La conservación o protección de la naturaleza no ha sido un tema relevante para el grueso de la población, tampoco para los gobiernos o la clase política. Lo importante ha sido el progreso, el desarrollo y la “domesticación” de los ambientes naturales, ya sea instalando ciudades, fábricas, cultivos de diverso tipo, sin medir las consecuencias o impactos que esto podía generar.
Esa idea de progreso que se instaló en la sociedad, la cual intenta homogenizar todo, domesticar la naturaleza, aumentar la producción, disminuir costos e incrementar las ganancias económicas, continúa arraigada. El desapego por la naturaleza implica que para muchas personas, actualmente resulte ser más importante el desarrollo tecnológico o los beneficios económicos que la conservación.
Han sido necesarios muchos años de trabajo de ONGs, científicos, denuncias de comunidades rurales y líderes indígenas, entre otros, para que poco a poco se haya ido instalando una cierta sensibilidad sobre la importancia de proteger la naturaleza.

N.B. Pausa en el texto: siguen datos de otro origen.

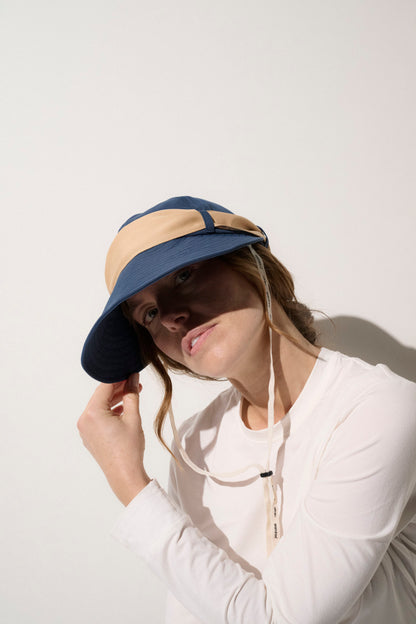 Casquette visière anti-UV bleu marine et beige, légère, pour femme, offrant une protection solaire UPF50+ idéale pour les activités en plein air.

Cada día y con más argumentos que emanan de las ciencias, los políticos están siendo obligados a entender que proteger la naturaleza y los ecosistemas nativos -sean terrestres o marinos- es importante para protegernos a nosotros mismos. Pero el proceso ha sido lento, muy lento.
Según los informes las poblaciones más pobres y los países que cumplan mayores condiciones de vulnerabilidad de acuerdo a la Convención Marco de Naciones Unidas sobre Cambio Climático, serán los más afectados, pero no hay sociedades o países que puedan escapar de esta situación.
Ahora los países deben decidir cómo afrontar los efectos del cambio climático. Los posibles caminos a seguir para amortiguar los impactos están claros: reducir 50% de las emisiones de gases de efecto invernadero (GEI) al 2030, o sea, en 12 años, y llegar a cero emisiones de GEI en 2050, para evitar que ocurran eventos extremadamente catastróficos que afecten a la humanidad.
En ese escenario la conservación y protección de la biodiversidad comienza a tener un rol relevante el proteger cuencas con vegetación nativa para mantener y garantizar recursos hídricos, el generar áreas protegidas terrestres y marinas, forestar y reforestar con vegetación autóctona, evitar la sobrecarga de ecosistemas marinos o recuperar pesquerías.
Son todas medidas que si están bien articuladas pueden resultar muy relevantes a la hora de paliar los efectos del cambio climático, sobre todo en un país cómo Chile que está catalogado como altamente vulnerable a sus impactos.